Böylece iş çığırından çıktı. Her amiral, kendi kabiliyetine, anlayışına göre savaşa girişti. Kara generallerinin iktidarını kabul etmediklerinden, bir başkomutanın tek elden idaresindeki taktik üstünlükten yoksun kaldı.
BÜYÜK BOZGUN
1602 yıl önce aynı yerde, Octavianus'un Antonius’la Kleopatra’yı bozguna uğrattığı yerde, iki donanma dünya tarihinin en büyük deniz savaşlarından birine girişti. Türk donanması bozuldu. Donanmadaki 30 000 Hristiyan forsa serbest kaldı, Hristiyanlar’ın eline geçti. 142 Türk savaş gemisi batmak, karaya vurmak veya düşman eline geçmek suretiyle mahvoldu. 20 000 Türk şehit düştü. Müezzin-zade, elinde kılıç, vuruşarak şehit oldu. Ayrıca 10 Türk tümamirali şehit düştü. 3460 Türk deniz subayı ve levendi esir oldu. 117 büyük, 256 küçük Türk deniz topu Müttefikler’in eline geçti, aralarında paylaşıldı. Buna karşılık düşmanın zayiatı da büyük oldu:
30 Venedik amiral ve kaptanı öldü. Düşman 8 000 ölü verdi; 20 000’i yaralandı, 2 000’i Türkler’e esir düştü. Bununla beraber, düşmanın zaferi büyüktü. 5 Türk tümamiralini esir aldığı gibi, Pertev Paşa’nın vezirlik alameti olan 3 tuğu ile Kaptan-ı Deryalık alameti olan altın sırma işlemeli kırmızı ipek sancak düşmanın eline geçti.

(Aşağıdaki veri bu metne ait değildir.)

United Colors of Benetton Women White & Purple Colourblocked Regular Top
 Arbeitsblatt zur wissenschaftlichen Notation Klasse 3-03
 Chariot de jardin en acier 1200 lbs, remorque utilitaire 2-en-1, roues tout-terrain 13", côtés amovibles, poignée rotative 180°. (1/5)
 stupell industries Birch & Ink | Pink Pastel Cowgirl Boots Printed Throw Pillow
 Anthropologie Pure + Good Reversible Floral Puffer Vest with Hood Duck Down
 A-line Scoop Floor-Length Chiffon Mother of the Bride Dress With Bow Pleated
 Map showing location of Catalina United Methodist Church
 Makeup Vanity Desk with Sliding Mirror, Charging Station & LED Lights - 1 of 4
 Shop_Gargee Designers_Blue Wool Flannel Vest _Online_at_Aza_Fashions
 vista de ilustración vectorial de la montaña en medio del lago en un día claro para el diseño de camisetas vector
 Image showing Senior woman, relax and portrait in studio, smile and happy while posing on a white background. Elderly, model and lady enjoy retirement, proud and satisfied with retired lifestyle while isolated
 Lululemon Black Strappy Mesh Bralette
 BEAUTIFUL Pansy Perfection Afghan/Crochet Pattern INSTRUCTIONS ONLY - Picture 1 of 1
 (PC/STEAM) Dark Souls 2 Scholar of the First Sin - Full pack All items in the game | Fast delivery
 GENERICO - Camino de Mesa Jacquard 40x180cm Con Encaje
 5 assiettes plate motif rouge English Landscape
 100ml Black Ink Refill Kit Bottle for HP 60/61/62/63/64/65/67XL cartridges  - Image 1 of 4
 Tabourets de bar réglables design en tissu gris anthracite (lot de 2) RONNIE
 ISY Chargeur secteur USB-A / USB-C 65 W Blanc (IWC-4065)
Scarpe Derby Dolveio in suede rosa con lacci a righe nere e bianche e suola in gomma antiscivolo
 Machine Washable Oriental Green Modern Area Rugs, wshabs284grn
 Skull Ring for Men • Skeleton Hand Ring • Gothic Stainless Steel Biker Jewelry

ULUÇ ALİ PAŞA’NIN BAŞARISI
Bu arada, yalnız Uluç Ali Paşa’nın komutasındaki Türk sağ cenahı başarı gösterdi. 42 savaş gemisinden kurulu olan bu cenah bir tek gemisini kaybetmediği gibi, düşmanın sağ cenahını bozguna uğratıp Malta amiral gemisini zaptetti; amirali öldürdü, birçok düşman gemisini de ele geçirerek savaş alanından ayrıldı.
Bu felaket, Türk tarihinde <<Sıngın Donanma Harbi>> diye ünlüdür (sıngın sinmiş, yenilmiş anlamına gelir). Haber II. Selim’e bildirilince, hayatında bozgun haberi duymamış olan padişah üzüntüsünden söz söyleyemedi, üç gece uyku uyuyamadı. Ancak, 42 gemisinden başka Ege’deki Türk donanmasından 45 savaş gemisini de yanına alarak, 87 parça ile İstanbul’a giren Uluç Ali Paşa’nın gelişiyle avundu; onu Kaptan-ı Derya yaptı, <<Uluç>> olan adını da <<Kılıç>>a çevirdi. İkinci Vezir Pertev Paşa, devlet hizmetinden tardedildi. Ancak, bu makama Damat Piyale Paşa getirilmekle, Sokollu’nun nüfuzu büyük darbe yedi.
Padişah, o kış içinde ne pahasına olursa olsun, kaybedilen gemilere eşit sayıda gemi yapılmasını emretti. Kılıç Ali Paşa, bu derece büyük bir işin bir kış içinde yapılmasının zor olduğunu ileri sürdü. Yapılsa bile donatımı yapılamayacaktı. Sokollu ona: <<Paşa, Paşa! Sen henüz bu devleti anlayamamışsın. Bu devlet öyle bir devlettir ki, isterse bütün donanmanın gemilerini gümüşten, halatlarını ibrişimden, yelkenlerini atlastan yapar. Bütün gemilerin donatımını yetiştiremezsen benden iste,>> dedi. İnebahtı’nda 142 gemi kaybedilmişti. Gerçekten, baharda 158 parça savaş gemisi, bütün teçhizatı tamamlanarak, denize indirildi. Bu, akıl almayacak kadar büyük bir çalışmanın, muazzam mali imkanların eseriydi. 13 haziran 1572’ de Kılıç Ali Paşa, 250 parçalık bir donanma ile, hocası Barbaros’un türbesini binlerce topla selamladı; İspanya üzerine gidip İnebahtı’nın öcünü almak için denize açıldı.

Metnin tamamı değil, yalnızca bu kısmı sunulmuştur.